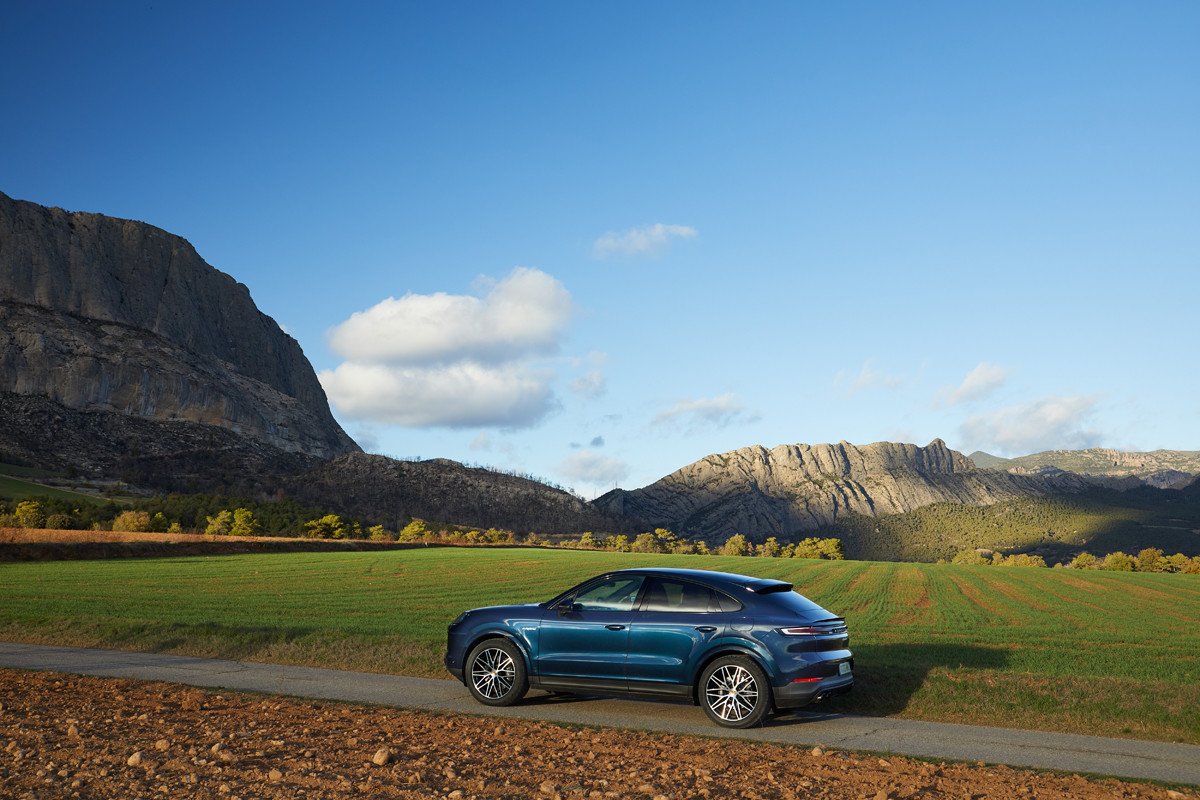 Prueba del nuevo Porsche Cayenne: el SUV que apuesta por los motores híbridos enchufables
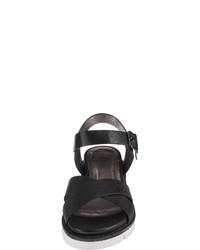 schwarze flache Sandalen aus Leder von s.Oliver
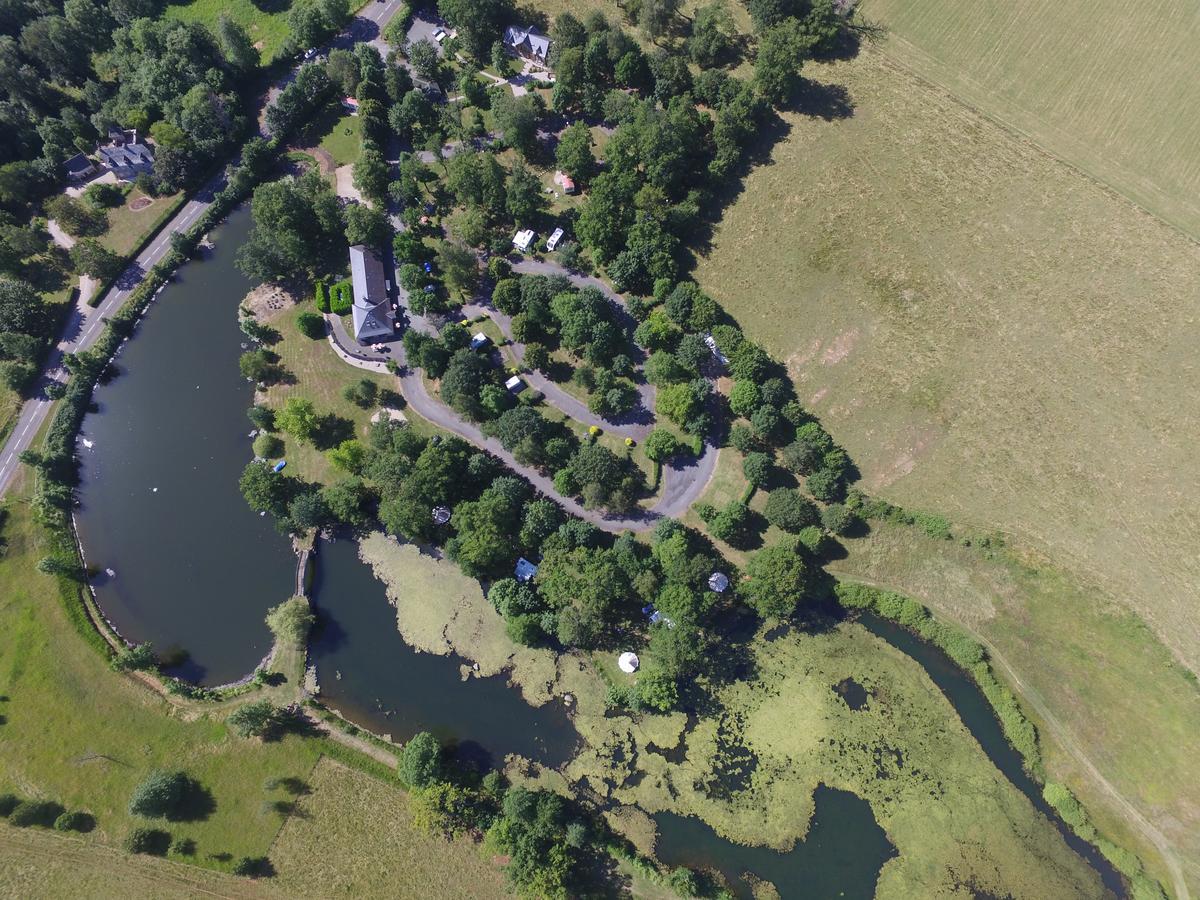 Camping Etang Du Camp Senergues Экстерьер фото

...

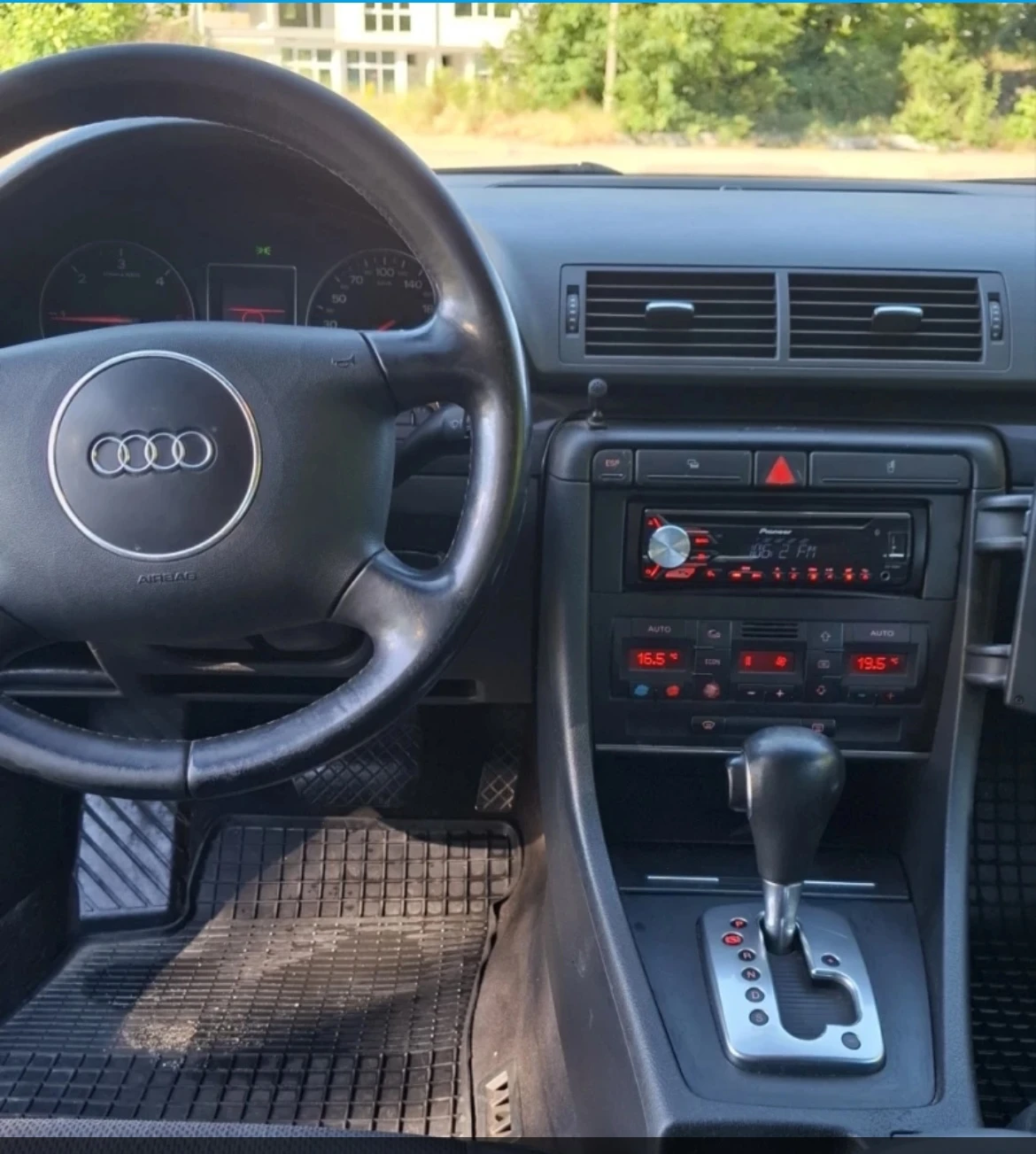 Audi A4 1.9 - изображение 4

-- EXERCISE DESCRIPTION --
Please return the data above exactly as it stands from the line with "Prueba del nuevo" to the line with "Camping Etang Du", keeping both of those lines but none of the pictures.

-- COMPLETED TASK --
 Prueba del nuevo Porsche Cayenne: el SUV que apuesta por los motores híbridos enchufables
 schwarze flache Sandalen aus Leder von s.Oliver
 Camping Etang Du Camp Senergues Экстерьер фото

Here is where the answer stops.